<h1 style='color:#00868b; text-align:center;'>Doc2Vec<span class="tocSkip"></span></h1>

# Read in csv file

We will be training a model on both the imbalanced and balanced dataset.

In [1]:
import pandas as pd
import numpy as np
from gensim.models.doc2vec import Doc2Vec, TaggedDocument

In [2]:
# imbalanced
df_imbalanced = pd.read_csv("corpus_sprint2_imbalanced_cp.csv", encoding="utf-8")
# balanced
df_balanced = pd.read_csv("corpus_sprint2_balanced_cp.csv", encoding="utf-8")

We can run <code>conda install -c conda-forge gensim</code> in our anaconda terminal to install Gensim.

We will now use our CSV files as input for our Doc2Vec algorithm. [Gensim](https://radimrehurek.com/gensim/models/doc2vec.html)'s implementation of Doc2Vec expects our consumer complaint narratives to be of class TaggedDocuments. We can use the following code to achieve this, where <code>df</code> represents our dataframe:

In [3]:
df_imbalanced["Consumer complaint narrative"][0]

'i have complained many times that the credit reporting by experian is inaccurate and they always just say wait awhile it will be fixed later and yet it never is. they are incapable of providing accurate information and do not take responsibility for their errors. this is a fake service designed to serve only their needs and not the consumer s needs. i can not find any way to cancel and when i mention it on the phone i am immediately disconnected. i want to be a part of the class action lawsuit against them since they are responsible for reducing my credit rating releasing my personal information and my fraud complaints have multiplied over the last 2-3 years. i have spoken to many ineffectual and uncaring agents on their phone support lines and am just tired of paying them to degrade my credit for random incorrect reasons like i paid a utility bill with another bank account and not raising it for legitimate things like paying off thousands of dollars of debt getting 3 new credit cards

There appears to be 1 narrative that is null. Drop it.

In [4]:
df_imbalanced = df_imbalanced.dropna()
df_balanced = df_balanced.dropna()

# Tokenization

In [5]:
import nltk
from nltk.corpus import stopwords

def tokenize_text(text):
    tokens = []
    for sent in nltk.sent_tokenize(text):
        for word in nltk.word_tokenize(sent):
            if len(word) < 2:
                continue
            tokens.append(word.lower())
    return tokens

The input for a Doc2Vec model should be a list of TaggedDocument(['list','of','words'], [TAG]). We could give every document a unique ID (such as a sequential serial number) as a document tag, or a shared string tag representing something else about it, or both at the same time.
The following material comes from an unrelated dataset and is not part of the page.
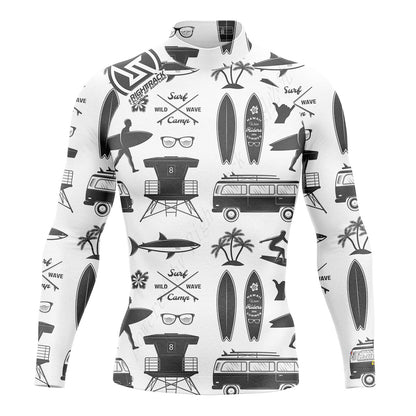 New Men's Surfing Shirt Gold Coast Lycra Rashguard RIGHTTRACK Long Sleeve Surf Sportswear Beach UV Swimwear UPF50+ Clothes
We have chosen to pass the Product as a tag.

In [6]:
tagged_imbalanced = [TaggedDocument(complaint, [i]) for i, complaint in enumerate(df_imbalanced["Consumer complaint narrative"])]


In [None]:
tagged_balanced = [TaggedDocument(tokenize_text(complaint), [i]) for i, complaint in enumerate(df_balanced["Consumer complaint narrative"])]

# Distributed Bag of Words (DBOW)

[Lau and Baldwin](https://arxiv.org/pdf/1607.05368.pdf) provide recommendations on hyper-parameter settings for general-purpose applications. They also conclude that DBOW is a better model than DMPV.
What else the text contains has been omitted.